» Task description
Word for word, copy the lines from the one with "Beet the Vandel" to the last line of the data below, counting both, and keep every picture out.

*** Task input ***

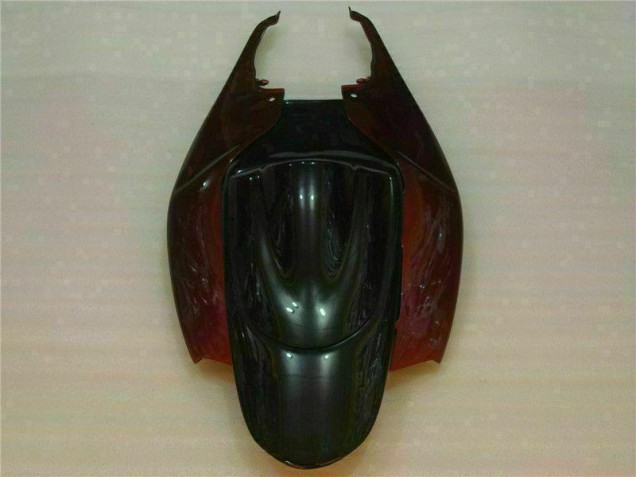 Preto Vermelho Plásticos Suzuki GSXR 600 / 750 K6 2006-2007 Preto Vermelho Plásticos Suzuki GSXR 600 / 750 K6 2006-2007
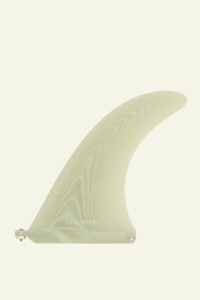 Single Fins: Log Fin 9.5 - Volan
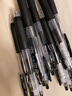 斑马牌（ZEBRA）【热门商品】JJ15按动黑色中性笔0.5mm签字笔商务水笔考试刷题笔高颜值学习办公文具套装10支 实拍图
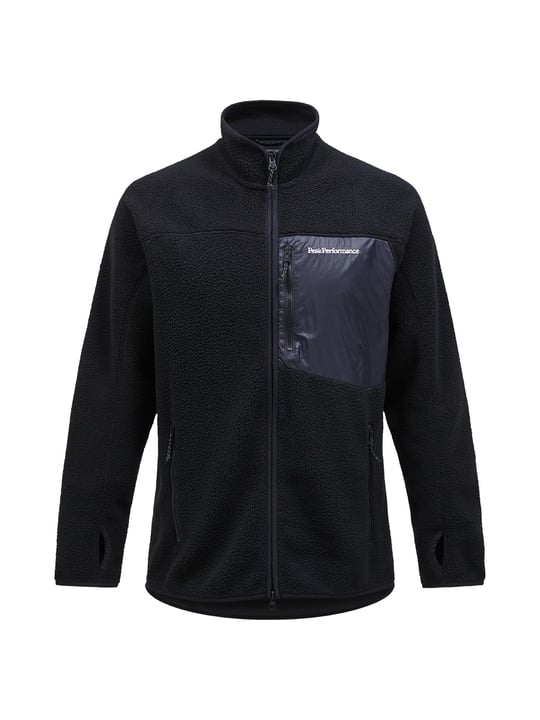 Peak Performance Erkek Kazık Zip Polar Ceket Polar Jumper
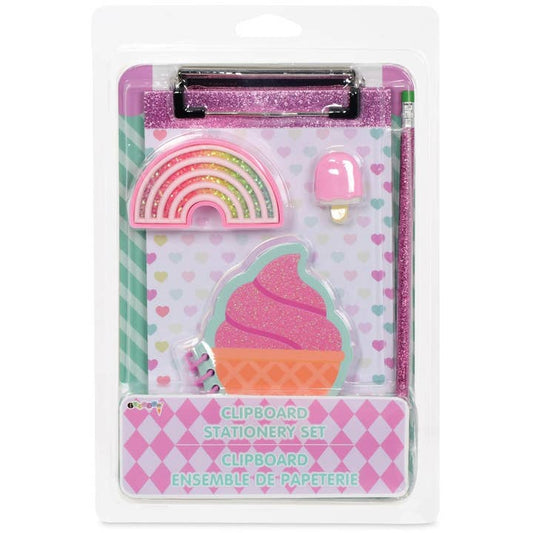 Clipboard Stationery Set | Ice Cream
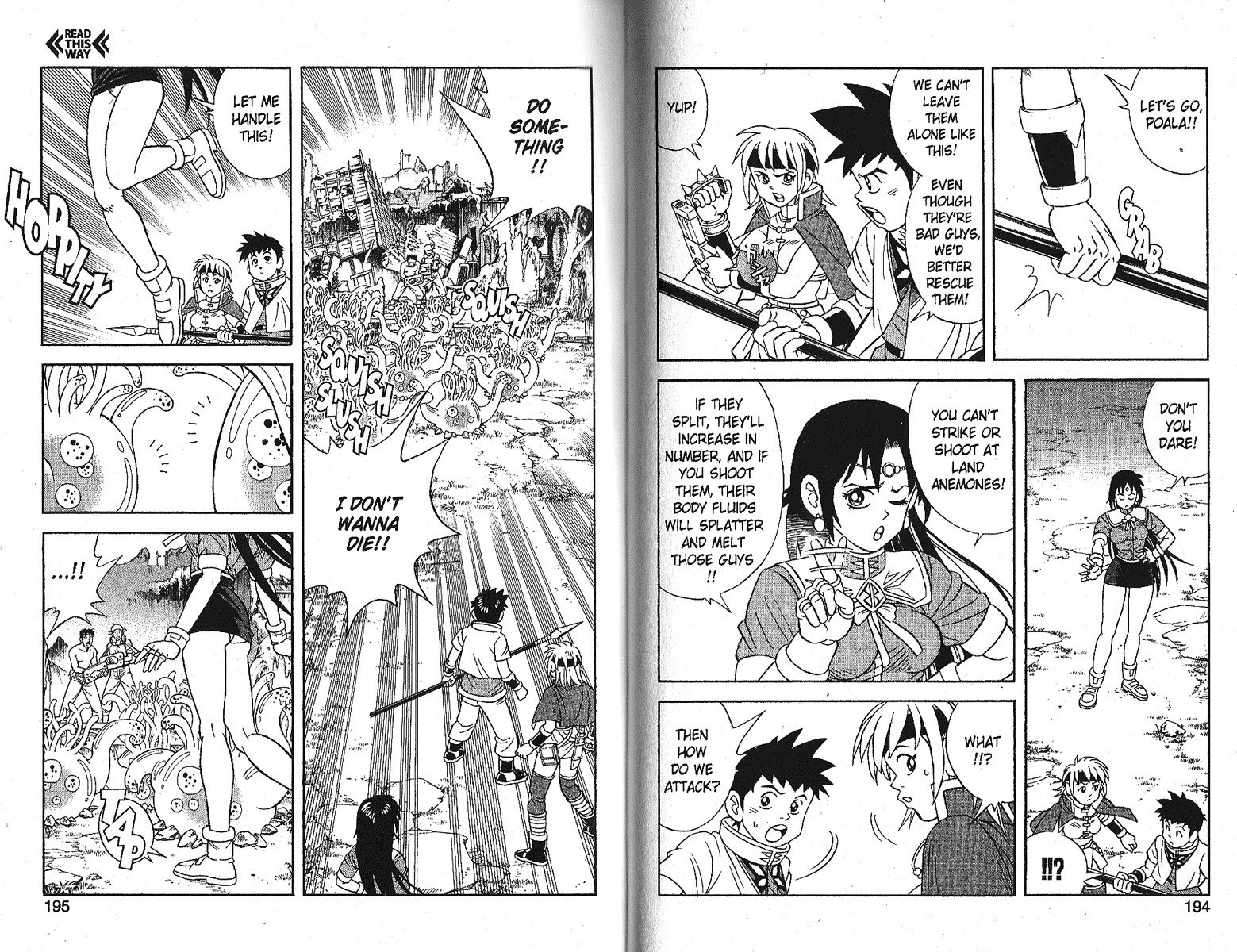 Beet the Vandel Buster Chapter 18 page 22 - Chapter 18: Lightning Attack Milfa!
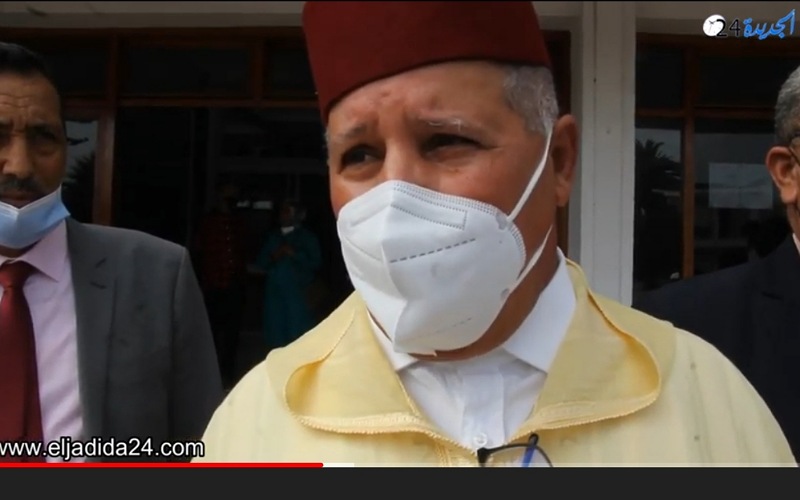 شاهد.. المعارضة في المجلس الإقليمي للجديدة تحتج على ''خرق القانون'' في جلسة انتخاب الرئيس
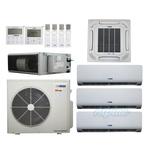 48,000 BTU (4 Ton) 5-Zone 19 SEER2 Inverter R-32 XM2 Series Heat Pump Ultra Cool/Ultra Heat System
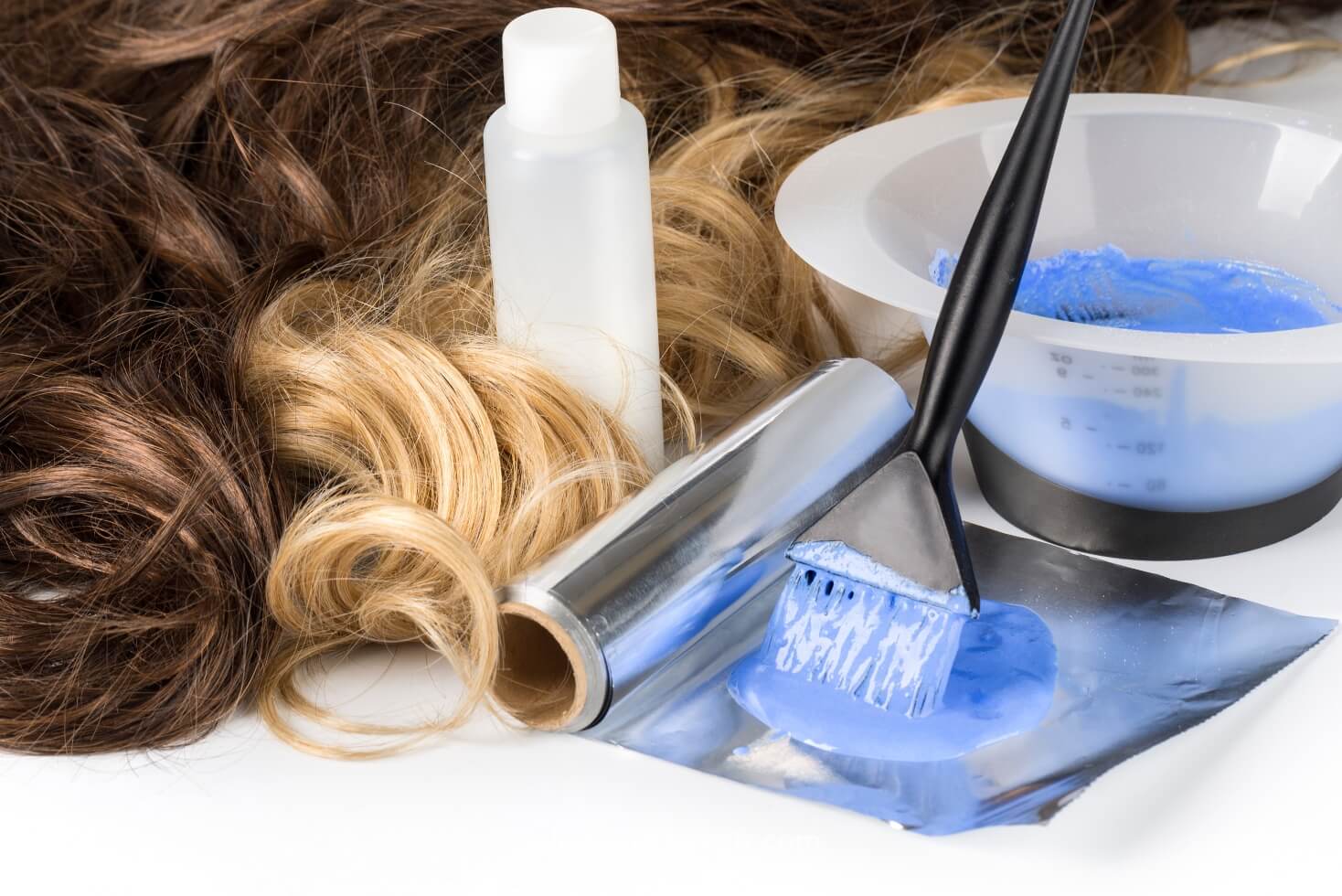 how hair toner works on bleached hair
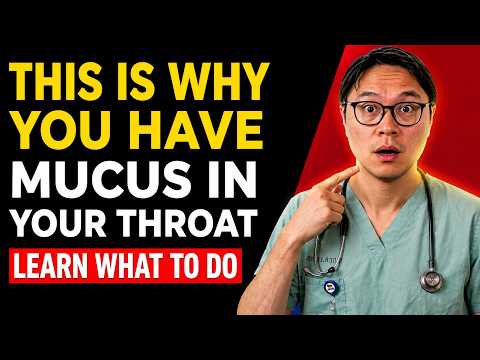 Why You Always Have Mucus in Your Throat... Doctor Explains the Real Cause!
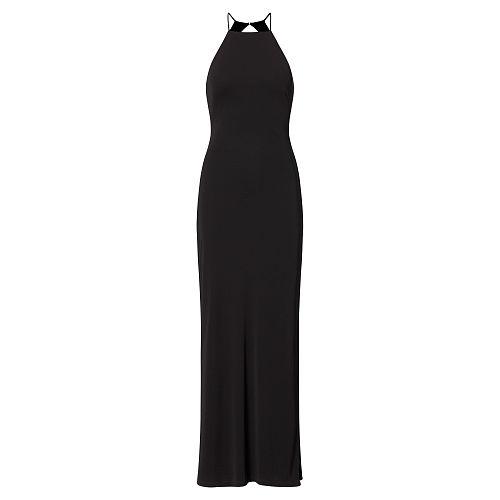 Ralph Lauren Lauren Cutout-back Sleeveless Gown Black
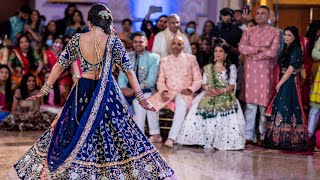 Bride’s Emotional Dance for Family amp Groom I Dilbaro I Aisa Kyun Maa I O Jiji I Tere Pyar Mein Main [upl. by Nyrtak]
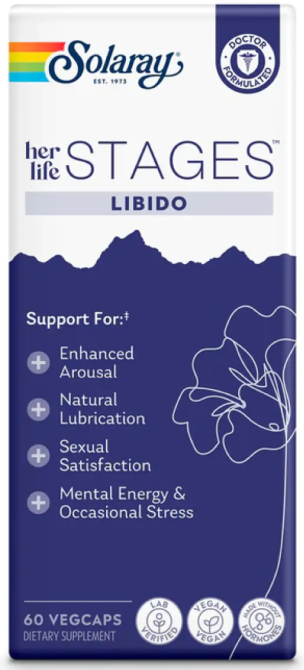 Женские витамины для улучшения либидо Solaray Womens Health Libido 60 vcaps Киев - изображение 1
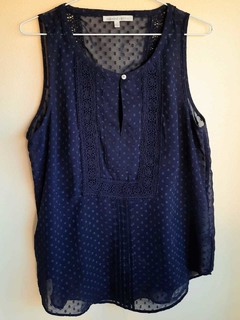 Camisa sin mangas de plumetí, de USA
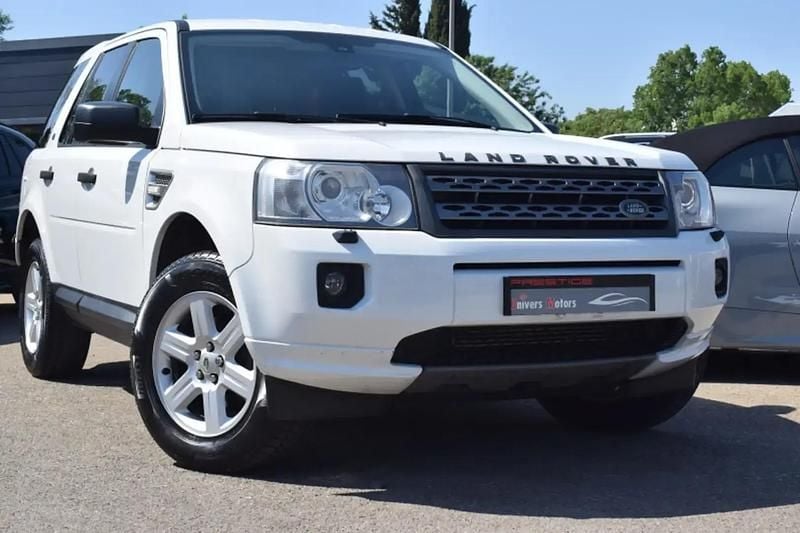 Blanc Utilisé 2011 Land Rover Freelander 2 S SUV | 8 400 € - Image 1/4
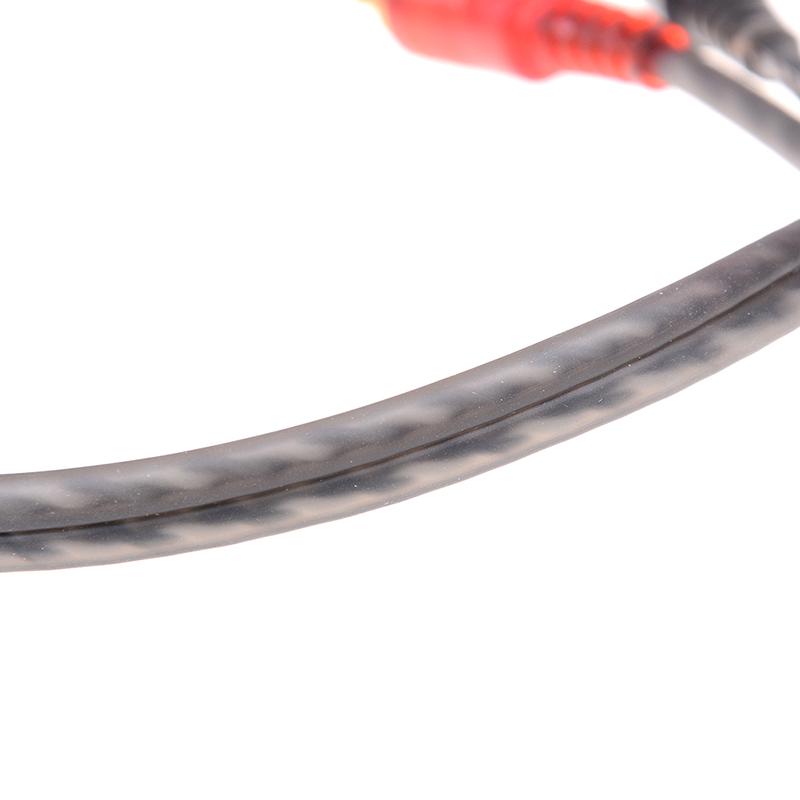 Автомобильный аудио 1Rca Female To 2Rca Male Y Splitter Cable Converter Cord Adapter Cable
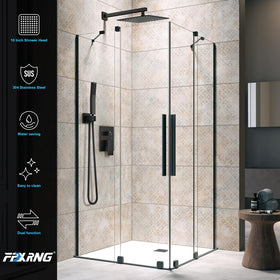 FPXRNG 71-inch hose provides reach for versatile shower layouts.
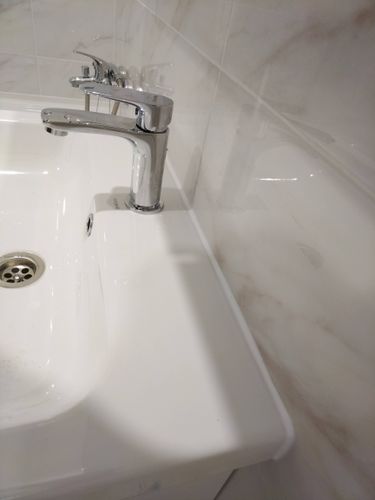 Демонтаж раковины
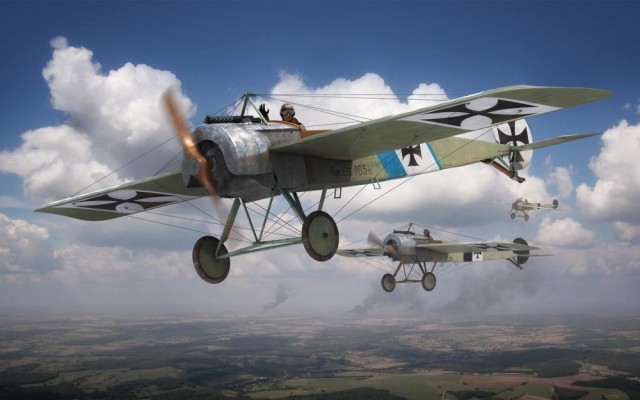 Airfix 1/72 Fokker E.III Eindecker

*** End of Task input ***

» Answer space
 Beet the Vandel Buster Chapter 18 page 22 - Chapter 18: Lightning Attack Milfa!
 شاهد.. المعارضة في المجلس الإقليمي للجديدة تحتج على ''خرق القانون'' في جلسة انتخاب الرئيس
 48,000 BTU (4 Ton) 5-Zone 19 SEER2 Inverter R-32 XM2 Series Heat Pump Ultra Cool/Ultra Heat System
 how hair toner works on bleached hair
 Why You Always Have Mucus in Your Throat... Doctor Explains the Real Cause!
 Ralph Lauren Lauren Cutout-back Sleeveless Gown Black
 Bride’s Emotional Dance for Family amp Groom I Dilbaro I Aisa Kyun Maa I O Jiji I Tere Pyar Mein Main [upl. by Nyrtak]
 Женские витамины для улучшения либидо Solaray Womens Health Libido 60 vcaps Киев - изображение 1
 Camisa sin mangas de plumetí, de USA
 Blanc Utilisé 2011 Land Rover Freelander 2 S SUV | 8 400 € - Image 1/4
 Автомобильный аудио 1Rca Female To 2Rca Male Y Splitter Cable Converter Cord Adapter Cable
 FPXRNG 71-inch hose provides reach for versatile shower layouts.
 Демонтаж раковины
 Airfix 1/72 Fokker E.III Eindecker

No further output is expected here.